チェコで鉄道の建設が進み、発展を遂げたのは19世紀の半ばから20世紀半ばにかけての時期でした。そのため現在国内に存在する駅は全て歴史的建造物といえ、今日21世紀における時代の要求に即するよう、改築や変更が進められています。こうした駅の1つが、モラヴィアの中心都市・ブルノの中央駅で、最近実施された改築の成功例に挙げられています。
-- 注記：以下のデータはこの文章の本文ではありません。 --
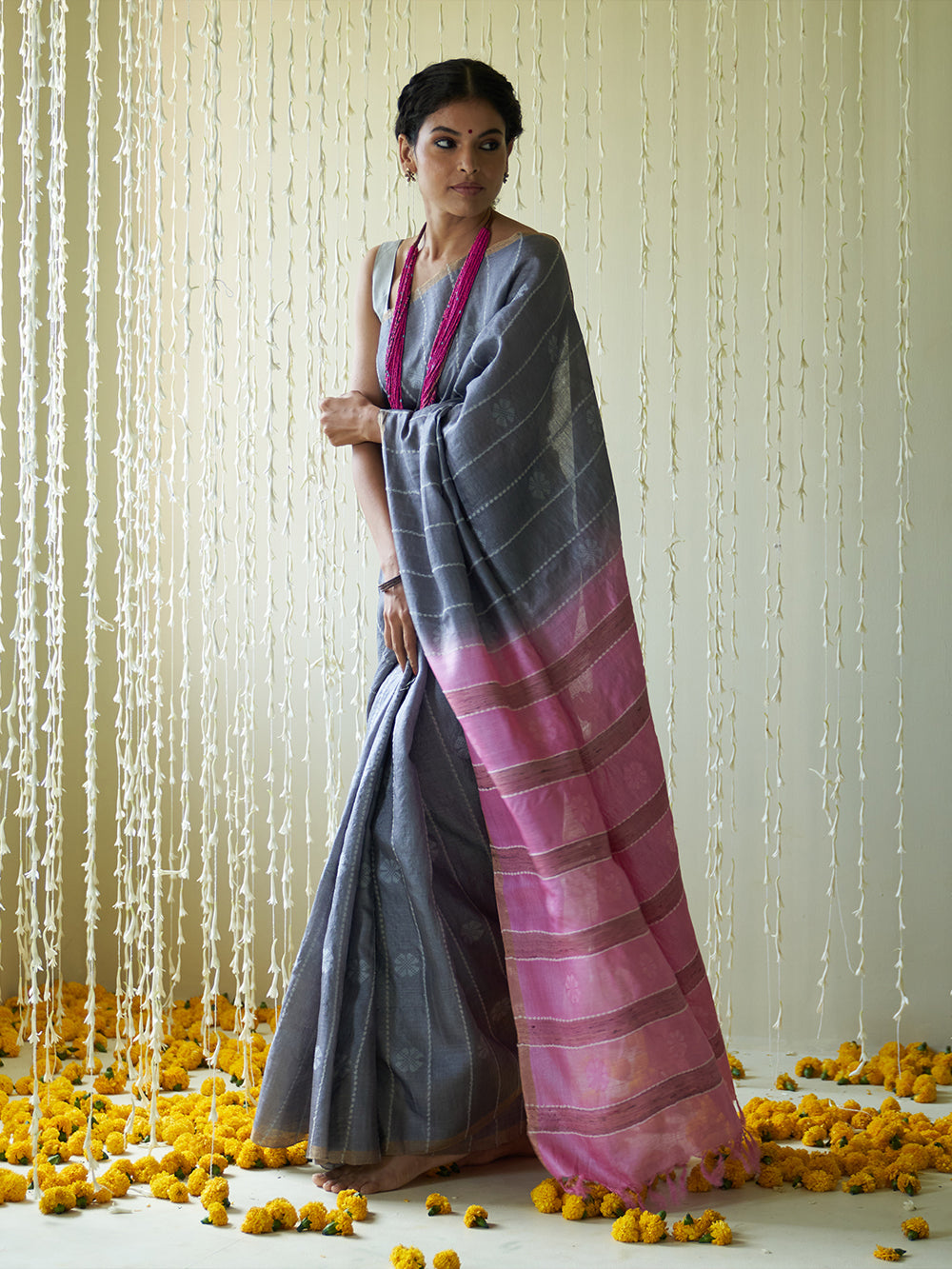 13 Saree Pallu Styles to Add Grace to Wedding Outfits – trueBrowns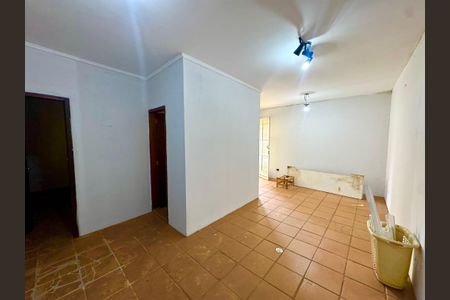 Casa para alugar com 148m², 7 quartos e 2 vagas Casa para alugar com 148m², 7 quartos e 2 vagasÁrea de Serviço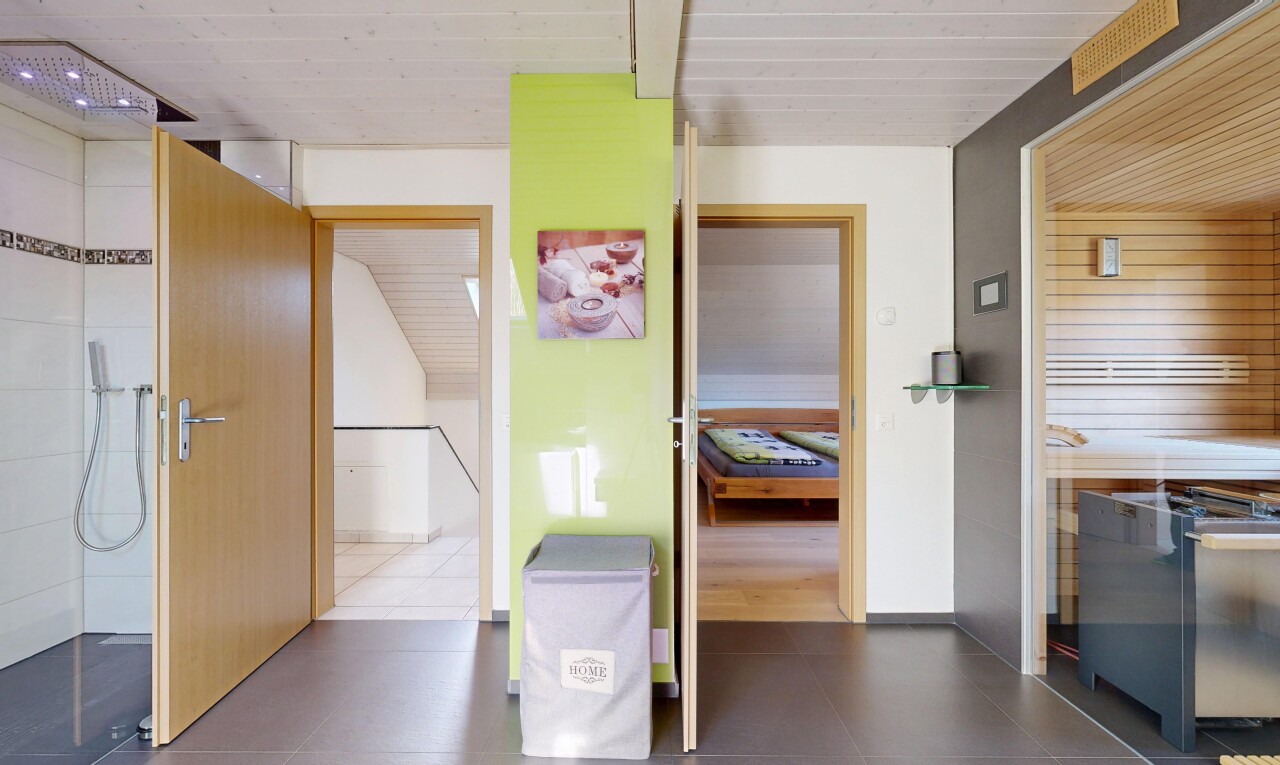 couloir avec plafond en bois, wood ceiling, inside property, cloison sèche, et drywall
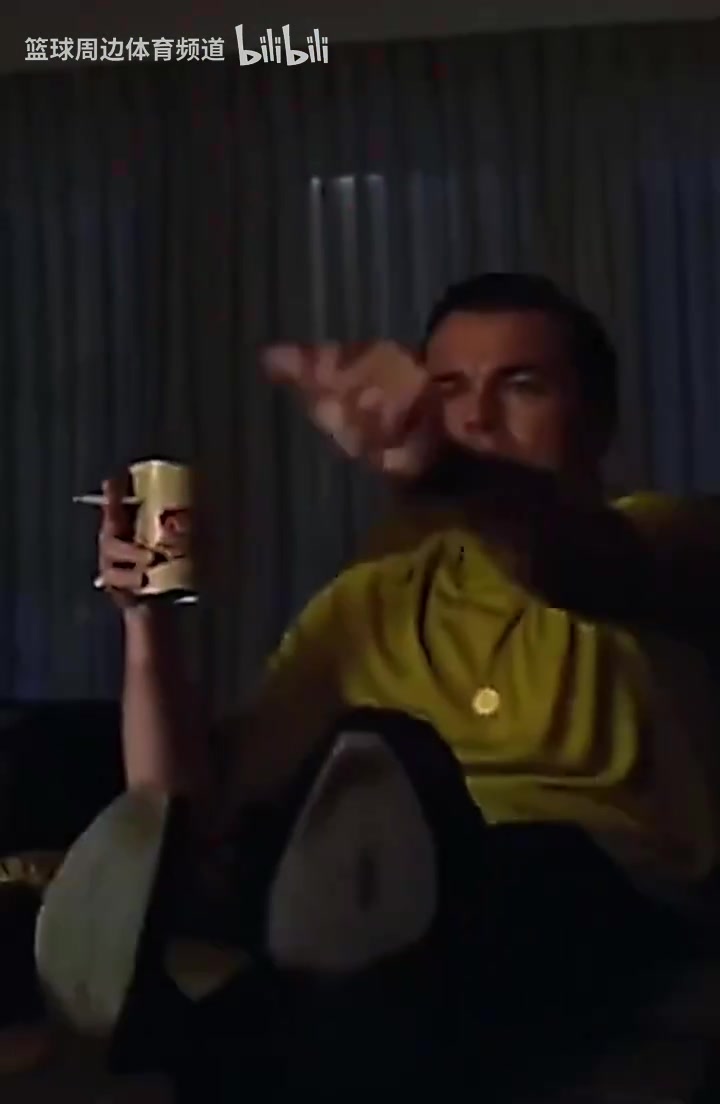 新老對(duì)決此前訓(xùn)練營KD杰倫格林和切特一起打球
ブルノ中央駅は、現在の外観が整備されたのは1905年頃で、チェコで最古の駅の1つに数えられていますが、現在は改築により一新され、構内中が清潔感に溢れています。一方プラハ本駅も、大変興味深い変遷を遂げています。今日の駅舎は1909年に建てられた初期アールヌーヴォー様式の建物ですが、1970年代に地階ホールが追加され、駅全体が拡張されました。歴史的なアールヌーヴォーと当時モダンとされていたブルータリズムの融合は非常におもしろく、現在もここにはブルータリズムの外壁や復元された当時の電灯が見られます。またホームを覆う屋根は鉄鋼製の梁で支えられていますが、この部分は最近、蒸気機関車の煤を取り除く作業がなされたところです。

鉄道ファン必見の博物館 

中央ボヘミア・ラコヴニーク市近郊の町、ルジュナーにあるチェコ鉄道博物館は、この種のものとしてはチェコ最大の規模を誇っています。その敷地内には軌間800 mmの狭軌線路が敷かれており、見学者は実際に乗車体験をすることができます。ここにはピカピカに磨かれた蒸気機関車が最も古いものから比較的新しいものまで並んで展示されているほか、数々の旅客・貨物列車の車両、信号・安全装置、既に使用されていない特殊な道具、列車の模型など、鉄道史を語る様々な品が置かれています。またここには展示品を修理、復元する鉄道作業場もあります。またプラハでも、レトナー地区の国立技術博物館内で、皇帝フランツ・ヨーゼフ一世のサロン車両のほか、2台の蒸気機関車などを見ることができます。